The second chapter of the UN 2020 Water and Climate Change report dissects the UN’s 2030 Agenda for Sustainable Development (2015), Paris Agreement on climate change (2015), Sendai Framework for Disaster Risk Reduction (2015), and several international water conventions. The report concludes that almost all of these frameworks do not address water management by name, even though water is an underlying connector in all frameworks.

The 2030 Agenda for Sustainable Development
The 2030 Agenda for Sustainable Development is a collection of 17 goals that aim to reshape global development in ways that allow us to “reach the future we want whilst leaving no one behind.” Water serves as an often unacknowledged, yet vital, connecting factor for achieving the sustainable development goals (SDGs), particularly water being essential for basic human needs (SDGs 6, 5), but also for marine (SDG 14) and land (SDG 15) ecosystems, for producing food (SDG 2) and energy (SDG 7), supporting livelihoods (SDG 8) and industry (SDGs 9, 12), and providing sustainable and healthy environments to live in (SDGs 1, 3, 11).

SDG 13 recommends we “take urgent action to combat climate change and its impacts,” is the SDG most explicitly concerned with climate change. Although it does not specify water-related issues, the goal has several water-related targets and has designated indicators such as strengthen resilience and adaptive capacity to climate related disasters (e.g. floods and extreme weather events). The fact that water-related issues are not called out by name is emblematic of what the report calls a “fundamental disconnection” between the SDGs themselves, as well as other global frameworks.
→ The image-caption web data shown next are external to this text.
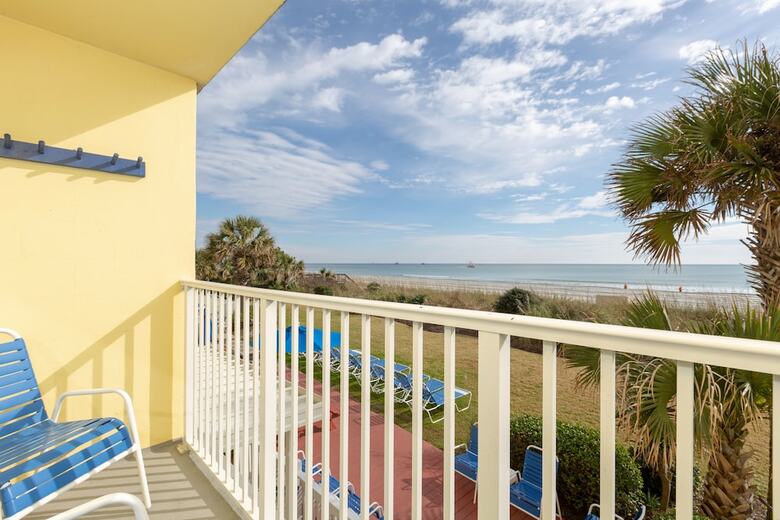Jade Tree Cove By Capital Vacations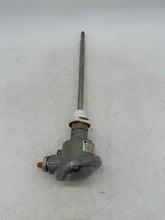 Load image into Gallery viewer, Atlas Incinerators KP5861001-1 60T4001 Type 1xS Thermocouple (Used)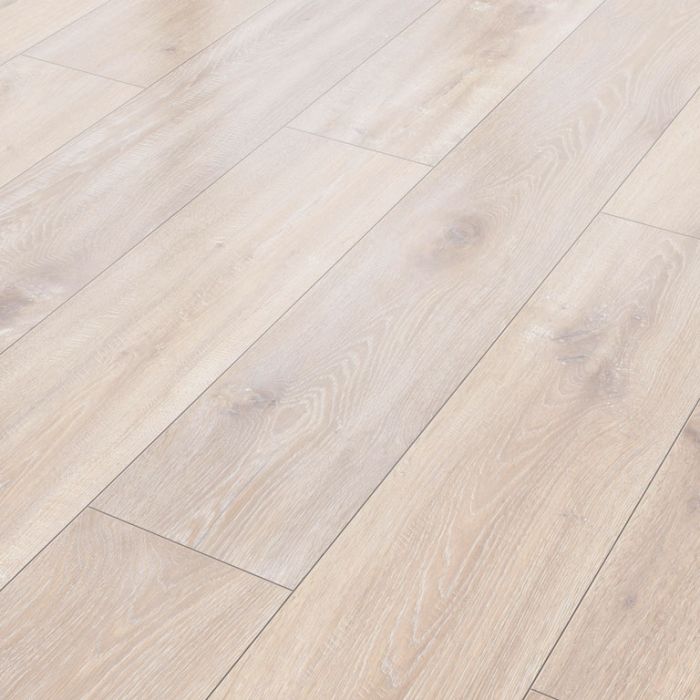 Laminaatti Caucasus Oak 1-sauv 7mm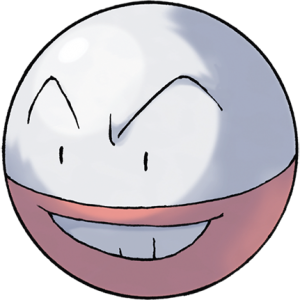 101Electrode.png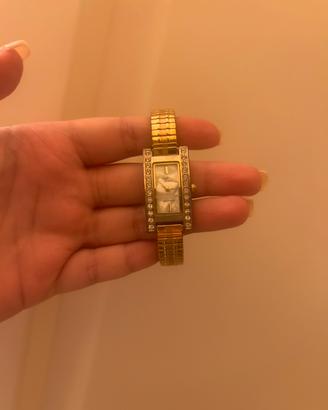 Orologio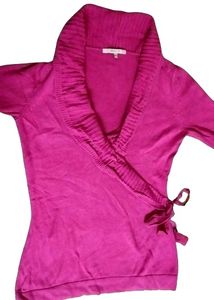 Cardigan For Women's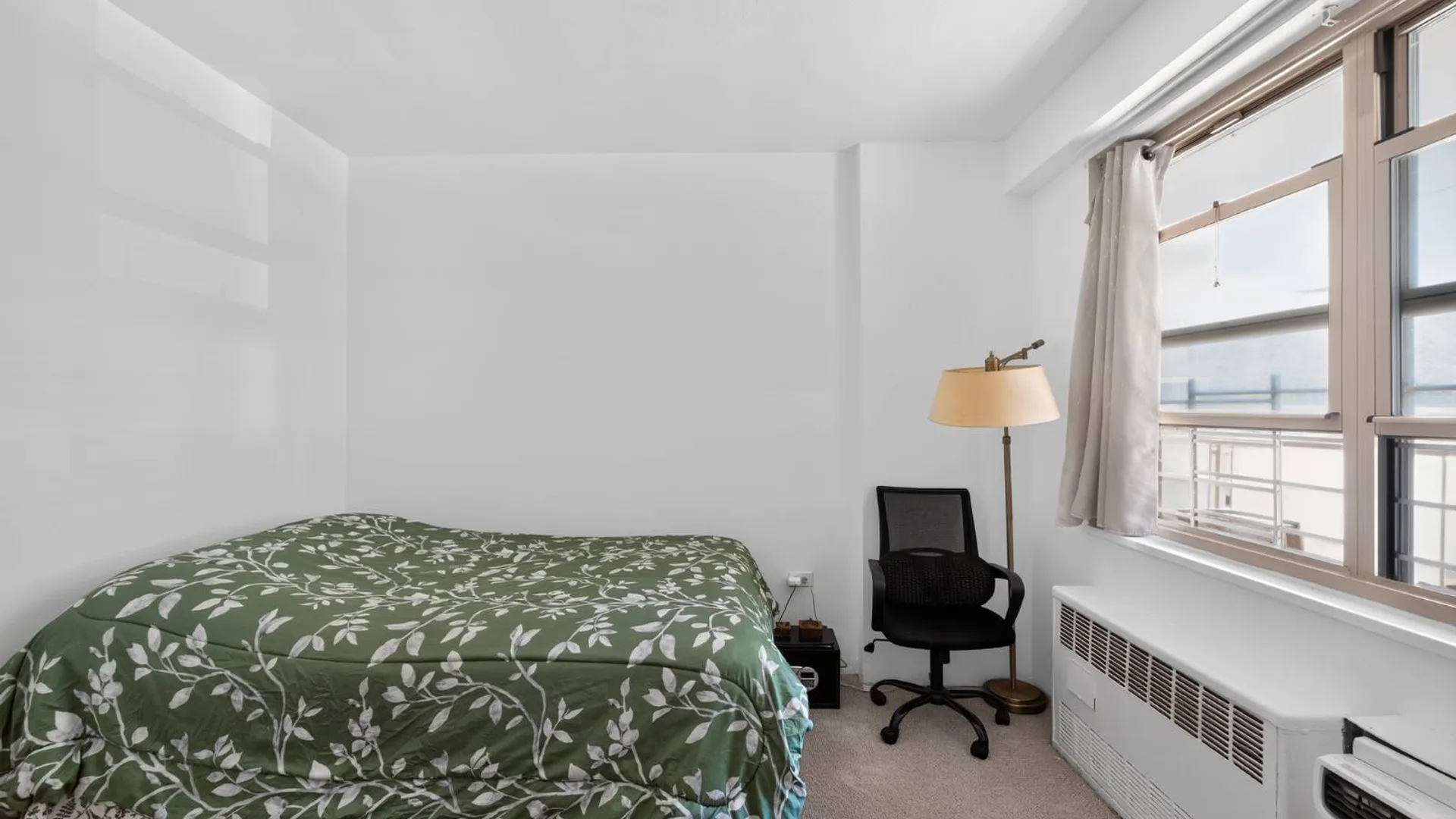 Property at 240 Cozine Ave, Brooklyn, NY 11207 20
SDG 6 recommends we “ensure availability and sustainable management of water and sanitation for all,” and was reviewed in the 2018 July session of the High-Level Political Forum. Here, countries acknowledged that SDG 6, similarly to other SDGs, were being addressed in a siloed manner. This lack of connection is considered as the major reason for countries around the world not on track to meet the targets of SDG 6.

The Paris Agreement
The Paris Agreement on climate change, a set of legal instruments referred to as protocols from the UNFCCC, is another relevant international policy framework. The Paris Agreements highly recommends to keep the global average temperature below 1.5ºC above pre-industrial levels in order to reduce the risks and impacts of climate change. It does this by having all parties to the Agreement determine, plan, and regularly report adaptation and mitigation measures, which are referred to as nationally determined contributions. These NDCs are to be reviewed every five years, although reporting the progress of NDCs is voluntary. Parties are also encouraged to adopt national action plans, which are medium- to long-term adaptation tactics that address and integrate the SDGs and 2030 agenda when appropriate. The Paris Agreement also recognizes the essential roles of non-state parties (including but not limited to local authorities, the private sector, academia, marginalized populations, and civil society organizations like Dar Si Hmad, play in reaching its goals.
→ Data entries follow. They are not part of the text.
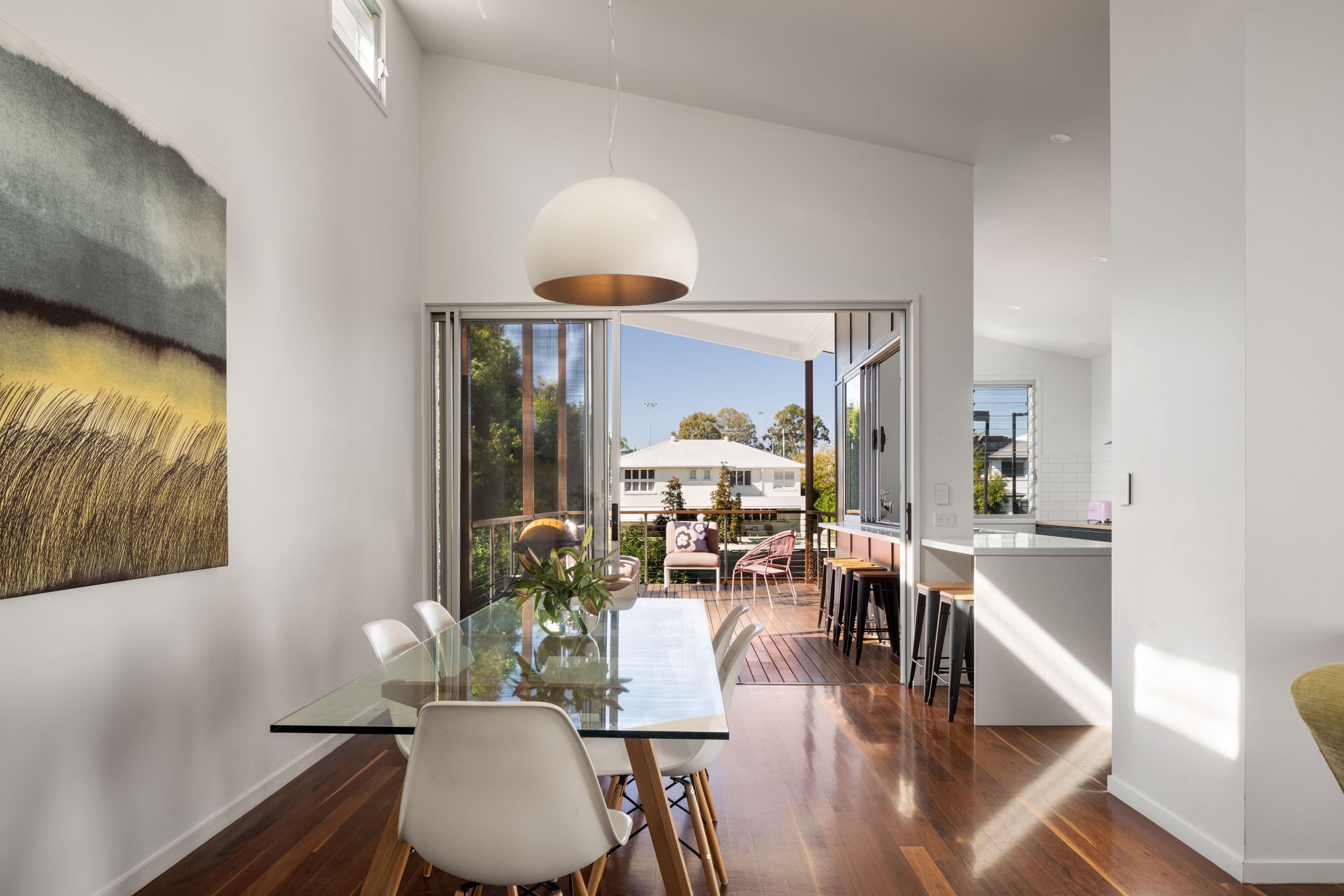 15 Matong Street, Hendra QLD 4011, Hendra - Thumbnail 4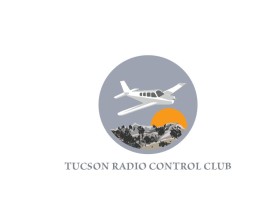 trccclub.org entry by Coral
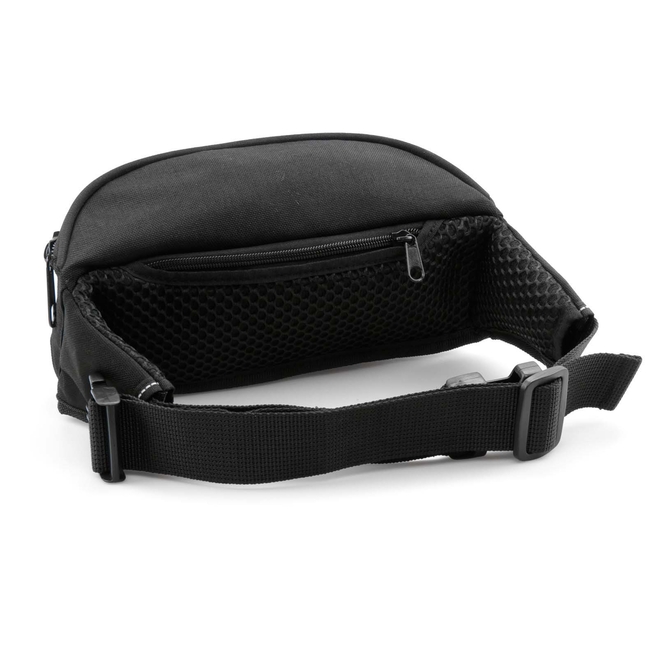 Colori Τσαντάκι Μέσης Cordura Μεγάλο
The Paris Agreement is a landmark international policy framework concerning climate change but as recognized in the COP25 of 2019, achieving the goals of the Paris agreement have proven to be more difficult than anticipated. Additionally, Frank Bainimarama, Prime Minister of Fiji and President of COP23, said at the closing plenary session of COP24 that the world needs “five times more ambition, five times more action” in order to achieve the goals of the Agreement.

Water is not explicitly mentioned in the Agreement, but water is seen as an “essential component of nearly all the mitigation and adaptation strategies.” The UN report sees the exclusion of water from the Agreement as an opportunity for international water organizations to step up. International water organizations can include themselves in international efforts by supporting the nationally determined contributions of party countries. Additionally, water organizations can integrate their work and the issue of water into the operational phase of a country’s nationally determined contributions and national action plan.

Sendai Framework for Disaster Risk Reduction 2015-2030
Prior to the Sendai Framework for Disaster Risk Reduction 2015-2030 (Sendai Framework), disaster risk reduction focused on disaster relief, instead of prevention. With the Sendai Framework, there is a shift to focus onto prevention and preparedness. It also acknowledges how prevention-work interacts with a number of drivers for disasters including climate change, inequality, demographic change, and more.

The goal of the Sendai Framework is to achieve “the substantial reduction of disaster risk and losses in lives, livelihoods and health and in the economic, physical, social, cultural and environmental assets of persons, businesses, communities and countries.” To reach this overarching goal, it sets up seven standard global targets and four priorities for action. Building on this model, member-states should provide publicly available strategies regarding their national and local disaster risk reduction. Although water is rarely explicitly mentioned in the Sendai Framework, floods and storms constitute nearly 90% of the most severe natural disasters in question.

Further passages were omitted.